Weihnachtswunder gibt’s tatsächlich! – Teil 16

»Du wirkst traurig, Frieda. Wo ist dein Sohn?« Meine Worte waren mal wieder schneller draußen als ich denken konnte. Meine verflixte Neugier brachte mich nicht zum ersten Mal in eine peinliche Situation.

»Lea! Meine Güte, Kind. So etwas fragt man doch nicht!« Mama war meine Frage sichtlich unangenehm.
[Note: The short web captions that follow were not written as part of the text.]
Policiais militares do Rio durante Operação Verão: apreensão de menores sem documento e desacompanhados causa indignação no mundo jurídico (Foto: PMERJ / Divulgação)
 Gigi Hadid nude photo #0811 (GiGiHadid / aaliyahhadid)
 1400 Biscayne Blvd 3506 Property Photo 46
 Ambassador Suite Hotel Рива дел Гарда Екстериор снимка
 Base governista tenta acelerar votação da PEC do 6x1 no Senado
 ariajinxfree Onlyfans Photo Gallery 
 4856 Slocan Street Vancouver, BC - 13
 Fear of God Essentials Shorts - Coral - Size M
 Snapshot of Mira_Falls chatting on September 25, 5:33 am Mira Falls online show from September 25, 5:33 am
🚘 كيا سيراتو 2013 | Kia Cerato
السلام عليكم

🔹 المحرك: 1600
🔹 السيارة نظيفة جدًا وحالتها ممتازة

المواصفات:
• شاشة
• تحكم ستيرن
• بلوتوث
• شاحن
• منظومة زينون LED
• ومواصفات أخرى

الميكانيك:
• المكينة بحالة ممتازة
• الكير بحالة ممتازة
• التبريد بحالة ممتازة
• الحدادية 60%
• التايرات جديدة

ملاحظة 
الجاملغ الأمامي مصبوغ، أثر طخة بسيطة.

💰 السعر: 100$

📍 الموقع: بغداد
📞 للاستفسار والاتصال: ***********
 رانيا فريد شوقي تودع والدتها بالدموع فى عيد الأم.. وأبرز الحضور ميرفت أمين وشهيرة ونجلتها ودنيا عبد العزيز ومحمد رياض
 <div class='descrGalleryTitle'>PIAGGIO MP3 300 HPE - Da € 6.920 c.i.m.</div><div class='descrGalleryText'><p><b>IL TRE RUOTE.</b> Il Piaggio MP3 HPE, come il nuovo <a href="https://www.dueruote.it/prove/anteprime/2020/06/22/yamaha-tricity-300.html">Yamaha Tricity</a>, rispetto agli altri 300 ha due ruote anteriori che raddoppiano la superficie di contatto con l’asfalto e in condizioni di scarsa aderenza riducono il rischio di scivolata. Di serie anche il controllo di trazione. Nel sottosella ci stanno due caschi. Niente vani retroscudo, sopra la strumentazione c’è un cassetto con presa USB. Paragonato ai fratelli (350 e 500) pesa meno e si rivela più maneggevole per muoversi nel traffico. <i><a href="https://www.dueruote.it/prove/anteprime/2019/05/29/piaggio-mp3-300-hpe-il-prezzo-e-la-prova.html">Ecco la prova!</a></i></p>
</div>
Frieda und Johann warfen sich einen Blick zu. Johann nickte kaum merklich und seine Frau seufzte. »Es ist schon in Ordnung, dass Lea fragt«, antwortete sie. »Vor einundvierzig Jahren haben wir unseren siebenjährigen Sohn verloren. Er wurde entführt. Auch aus den Nachbarstädten verschwanden Kinder. Bis auf uns erhielten die Eltern jedoch Lösegeldforderungen. Die Polizei hatte zwei Vermutungen: Entweder handelte es sich um einen Trittbrettfahrer oder die Entführer hatten schnell bemerkt, dass bei uns kein Geld zu holen war. Vermutlich wurde unser Sohn umgebracht.«

»Die anderen Kinder kamen also wieder frei?« Jetzt war Mama auch neugierig.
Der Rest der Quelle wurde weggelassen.